I was so lost that I let my guard down and consented to have a meal with Callum, and yes, I can hear billions of voices, as a sort of “Hallelujah” chorus, chanting, “Oh, honey,” “Really? You’re back for more?” and “Then you have no one to blame but yourself—I mean it.” But Callum had been texting me and sending me pictures from his arc on a Netflix limited series where he plays an Olympic swimmer suspected of killing his rivals with poisoned sports drinks and tarantulas in their Speedos. Callum had trained himself into even more phenomenal shape, and yes, there were shots of him naked in the locker room shower with the water streaming down his torso.
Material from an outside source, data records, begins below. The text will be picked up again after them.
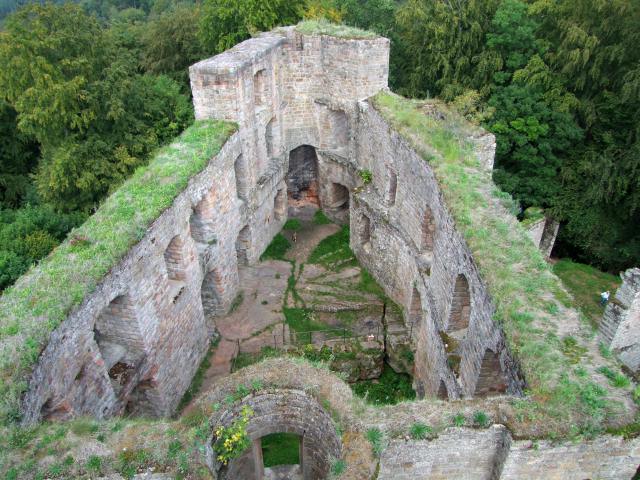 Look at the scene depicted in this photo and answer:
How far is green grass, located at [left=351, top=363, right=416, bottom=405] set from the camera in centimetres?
1394

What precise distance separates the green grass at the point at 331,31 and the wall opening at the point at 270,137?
9.89 ft

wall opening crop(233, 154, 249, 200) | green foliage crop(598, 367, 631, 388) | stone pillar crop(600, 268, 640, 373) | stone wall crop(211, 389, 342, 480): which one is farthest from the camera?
wall opening crop(233, 154, 249, 200)

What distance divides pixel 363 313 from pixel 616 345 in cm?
682

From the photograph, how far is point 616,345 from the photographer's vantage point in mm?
14664

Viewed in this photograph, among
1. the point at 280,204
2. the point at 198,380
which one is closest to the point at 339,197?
the point at 280,204

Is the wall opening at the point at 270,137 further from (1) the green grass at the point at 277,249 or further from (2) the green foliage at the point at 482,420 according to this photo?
(2) the green foliage at the point at 482,420

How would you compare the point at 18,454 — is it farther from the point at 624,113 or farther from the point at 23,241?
the point at 624,113

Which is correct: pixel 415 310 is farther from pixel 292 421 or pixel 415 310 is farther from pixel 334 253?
pixel 292 421

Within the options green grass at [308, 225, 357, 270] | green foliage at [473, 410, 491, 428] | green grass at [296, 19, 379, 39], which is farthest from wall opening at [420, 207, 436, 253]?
green grass at [296, 19, 379, 39]

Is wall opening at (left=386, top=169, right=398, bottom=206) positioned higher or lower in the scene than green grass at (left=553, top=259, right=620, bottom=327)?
higher

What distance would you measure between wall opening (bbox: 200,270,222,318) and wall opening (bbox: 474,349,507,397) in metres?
8.02

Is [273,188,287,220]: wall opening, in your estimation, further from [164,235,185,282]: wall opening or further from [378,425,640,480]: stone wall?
[378,425,640,480]: stone wall

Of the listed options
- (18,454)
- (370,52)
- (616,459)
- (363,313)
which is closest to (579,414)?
(616,459)

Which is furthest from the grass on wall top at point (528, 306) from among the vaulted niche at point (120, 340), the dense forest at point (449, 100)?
the vaulted niche at point (120, 340) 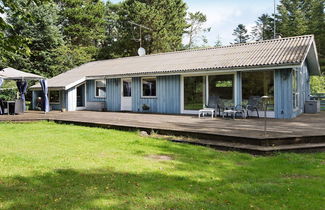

So stop judging me.
“You look great,” said Callum, sitting across from me at his favorite vegan café. As always, there was an aura about him, a golden, perfectly scruffed, shaggy blonde actor/model/bastard glow.
“You too.”
“Thank you for showing up. I wasn’t sure if you would, and I wasn’t going to blame you. I was a total shit.”
I kept my guard up. Callum could hypnotize me, using his good looks, his low, raspy voice and his ability to act as if we were the only two people on Earth. Some wildly attractive people are snobs, making sure everyone else feels inferior. Callum was the opposite; he was a born seducer, making sure everyone adores him. If I’m being honest, that’s a huge part of why I fell so hard: I couldn’t believe that someone as hot, easygoing and seemingly untroubled could be interested in a person as nervous and awkward as me, someone who, before leaving the apartment, tries on so many sweaters that my hair becomes a static-electricity haystack.